Assignment
Would you please return the lines of the entries below starting at the line that has "816 E Ash Ave" and ending at the line that has "Máquinas y equipos", both included, exactly as they are?

Scraped caption text data:
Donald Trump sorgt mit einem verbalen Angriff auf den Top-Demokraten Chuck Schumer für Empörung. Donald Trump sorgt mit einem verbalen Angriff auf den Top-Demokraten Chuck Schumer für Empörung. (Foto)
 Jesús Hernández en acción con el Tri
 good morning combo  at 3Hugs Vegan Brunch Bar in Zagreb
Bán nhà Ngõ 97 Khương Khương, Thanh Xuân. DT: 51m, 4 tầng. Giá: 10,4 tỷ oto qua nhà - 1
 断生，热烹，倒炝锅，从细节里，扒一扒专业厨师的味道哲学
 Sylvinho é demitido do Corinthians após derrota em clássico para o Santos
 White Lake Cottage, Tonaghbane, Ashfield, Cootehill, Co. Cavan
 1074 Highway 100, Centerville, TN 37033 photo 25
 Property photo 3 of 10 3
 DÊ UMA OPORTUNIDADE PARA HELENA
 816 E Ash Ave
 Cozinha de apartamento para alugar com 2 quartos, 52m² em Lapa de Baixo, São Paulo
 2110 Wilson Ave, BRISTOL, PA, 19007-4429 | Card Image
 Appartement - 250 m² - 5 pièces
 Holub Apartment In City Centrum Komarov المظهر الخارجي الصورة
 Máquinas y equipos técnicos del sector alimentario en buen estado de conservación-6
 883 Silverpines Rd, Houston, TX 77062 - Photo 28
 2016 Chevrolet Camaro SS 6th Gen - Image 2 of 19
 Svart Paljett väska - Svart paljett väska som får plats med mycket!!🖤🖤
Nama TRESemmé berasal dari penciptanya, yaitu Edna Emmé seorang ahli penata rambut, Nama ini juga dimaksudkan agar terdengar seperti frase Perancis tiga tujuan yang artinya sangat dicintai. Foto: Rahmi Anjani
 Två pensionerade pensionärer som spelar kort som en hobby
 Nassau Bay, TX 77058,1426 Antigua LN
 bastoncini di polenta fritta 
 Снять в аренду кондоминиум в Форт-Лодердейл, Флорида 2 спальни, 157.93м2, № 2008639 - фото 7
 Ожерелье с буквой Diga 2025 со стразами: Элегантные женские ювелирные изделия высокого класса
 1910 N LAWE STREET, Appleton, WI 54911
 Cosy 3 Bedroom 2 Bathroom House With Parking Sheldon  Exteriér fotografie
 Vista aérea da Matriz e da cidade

Answer to this problem
 816 E Ash Ave
 Cozinha de apartamento para alugar com 2 quartos, 52m² em Lapa de Baixo, São Paulo
 2110 Wilson Ave, BRISTOL, PA, 19007-4429 | Card Image
 Appartement - 250 m² - 5 pièces
 Holub Apartment In City Centrum Komarov المظهر الخارجي الصورة
 Máquinas y equipos técnicos del sector alimentario en buen estado de conservación-6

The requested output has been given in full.